Hello ... Is Anybody Listening?

The Planning Board was warned that the project would create problems off-site, but it went ahead and approved it anyway? I'm sorry, but this just defies common sense . . . and demonstrates that officialdom is more concerned about possible legal repercussions from developers than the health and safety of its residents.

Based on Ms. DeGironimo's statement, it appears that the Town is authorizing . . .

A NUISANCE.

Modern environmental law is grounded in the law of nuisance. Essentially, you can enjoy the use of your own property as long as you do not interfere with your neighbor's use of their property. That's a pretty simple concept that even school children understand. If you foolishly denude your hillside and cause runoff to flow onto your neighbor's property, you have interfered with your neighbor's use of his or her property, you have created a nuisance, and you can be enjoined by a court of law to abate it. But why let the situation get that far? Isn't this why we have planning boards? . . . to anticipate problems and place conditions on projects to stop problems from developing?
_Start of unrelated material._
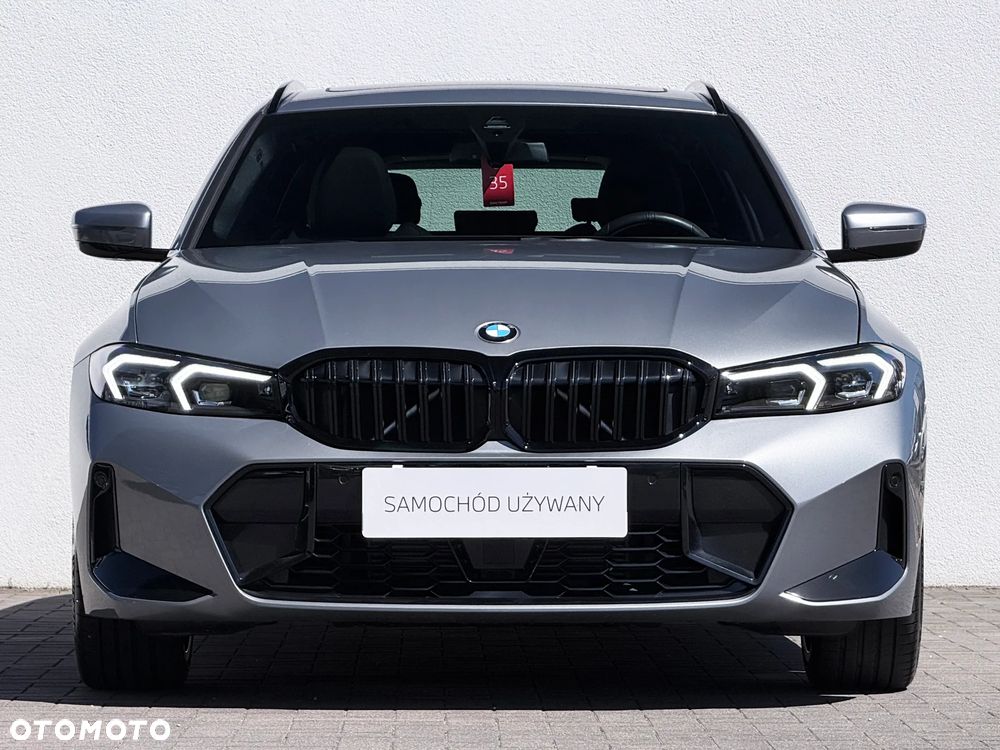 BMW Seria 3 320d xDrive M Sport - 5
The Town of New Hartford knows full well that it has fallen down on the job when it comes to protecting its residents from storm water. The runoff problem has become a public nuisance, and has necessitated taxpayer expenditures on solutions . . . solutions that should have been implemented by the developers that caused the problems. But even after passing a $2M stormwater bond and spending hundreds of thousands on culverts, etc., the old pattern of approving developments that will cause problems continues.

If Town Government is unwilling or incapable of protecting its residents, why have it at all?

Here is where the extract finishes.